Franz von Blon (1861-1945) saw marches more as concert
pieces than as music to help soldiers keep in step. Although little recorded,
he is regarded, along with Carl Teike, as among the finest German march composers.
He studied at the Stern Conservatory and was one of six promising violinists
who were granted private lessons with Joseph Joachim. He worked as an orchestral
leader and conductor, and composed a large number of works in a wide range of
genres, not least music for wind orchestra. Solinger Schützenmarsch ([13])
is dedicated to a shooting club in Solingen, a town in the Nordrhein-Westfalen
(North Rhine-Westphalia) region.
Charles Gounod (1818-1893) received his first musical
tuition from his mother, and in 1836 entered the Paris Conservatoire. He wrote
his first opera, Sappho, for the singer Pauline Viardot-Garcia, and a
series of operas followed, among them Faust, Mireille and Roméo
et Juliette. His Marche funèbre d'une marionnette (Funeral
March of a Marionette, [14]) became well-known as the signature tune of the television
programmes Alfred Hitchcock Presents (1960-62) and The Alfred
Hitchcock Hour (1962-65).
Johannes Hanssen (1874-1967) was a tenor horn player in the
Norwegian band Brigademusikken when his Valdres March ([15]) was first
performed at an outdoor concert in 1904. Apparently only two members of the
audience applauded, and they were his best friends. Later the march achieved
international fame, and was included on a recording by the Boston Symphony
Orchestra entitled 'The World's Ten Best Marches'. From 1926 onwards, Hanssen
was a lieutenant and director of Brigademusikken, although he also worked as an
orchestral musician.
When the Prussian army defeated the Austrians at the Battle
of Königgratz in 1866, they called upon Johann Gottfried Piefke (1815-1884) to
celebrate their victory.
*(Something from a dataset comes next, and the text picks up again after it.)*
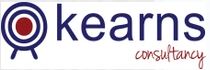 Kearns Consultancy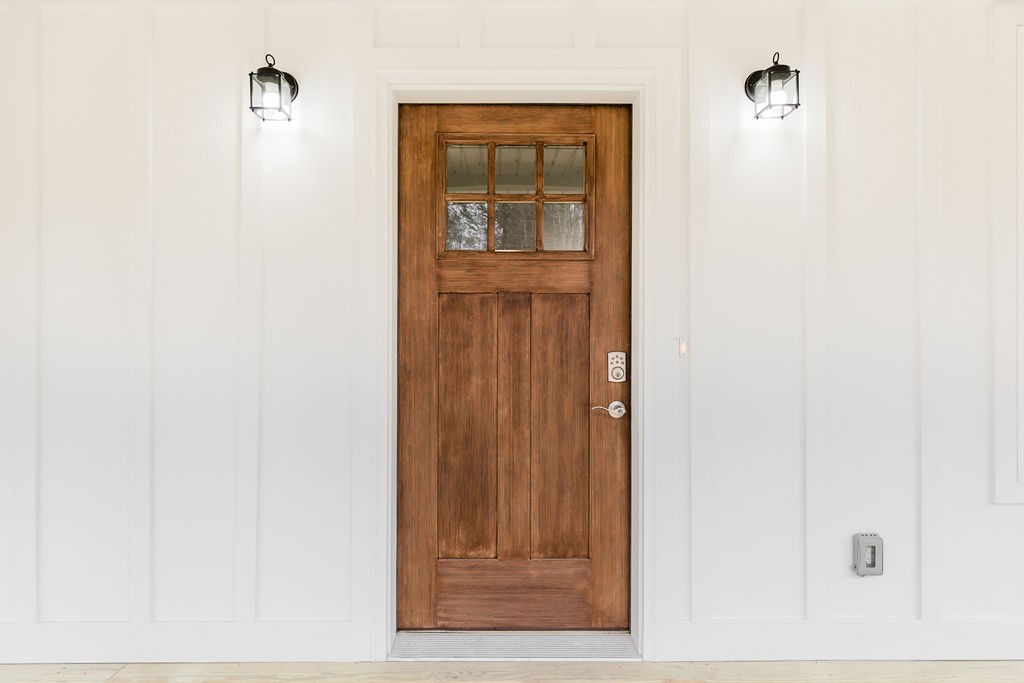 352 Gip Manning Road Clarksville, TN 37042 - Photo 6 of 48 Gallery Image 6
He directed an ensemble consisting of three bands in a
programme of marches and folk-songs, thereby demonstrating the popularity he
enjoyed within the Prussian army. Piefke's masterful direction and the high
standard of his players also met with the approval of the famous conductor Hans
von Bülow, among others. Preußens Gloria (Prussia's Glory, [16]) was composed
in 1871, but Piefke rarely performed it himself. After his death it was
discovered among his effects and published in a collection of marches in 1911.
For many people, the Marche militaire by Franz
Schubert (1797-1828) is indelibly associated with Christmas Eve, Disney and
Santa's workshop. In fact, however, Schubert wrote it as the first of three Marches militaires (D. 733) for piano four hands. In that form it enjoyed
great contemporary domestic success.
Semyon Tchernevsky (1881-1950) may be unknown to most of us,
but in his own country he is regarded as a Russian Sousa, the composer of a
series of excellent marches that are frequently performed. Salyut Moskvy ([18])
is one of his most popular works and begins, as often with Tchernevsky, with a
quotation, this time from Moscow Radio's interval signal, which is wholly
appropriate as this march is a tribute to Moscow.
Every time a film director requires a melody associated with
the American Marines, his choice is straightforward: he turns to Charles A.
Zimmerman (1862-1916) and his Anchors Aweigh ([19]). Zimmerman was a
lieutenant at the U.S. Naval Academy and had the habit of composing a march for
every class of cadets that graduated from that institution. He wrote Anchors
Aweigh for the class of 1906, and it was subsequently provided with a text
by a cadet who was also a member of the institute's choir, Alfred H. Miles. In
that form it was first performed at the annual football match between the Army
and the Marines, before a crowd of thirty thousand in Philadelphia. For the
first time in many years the Marines won.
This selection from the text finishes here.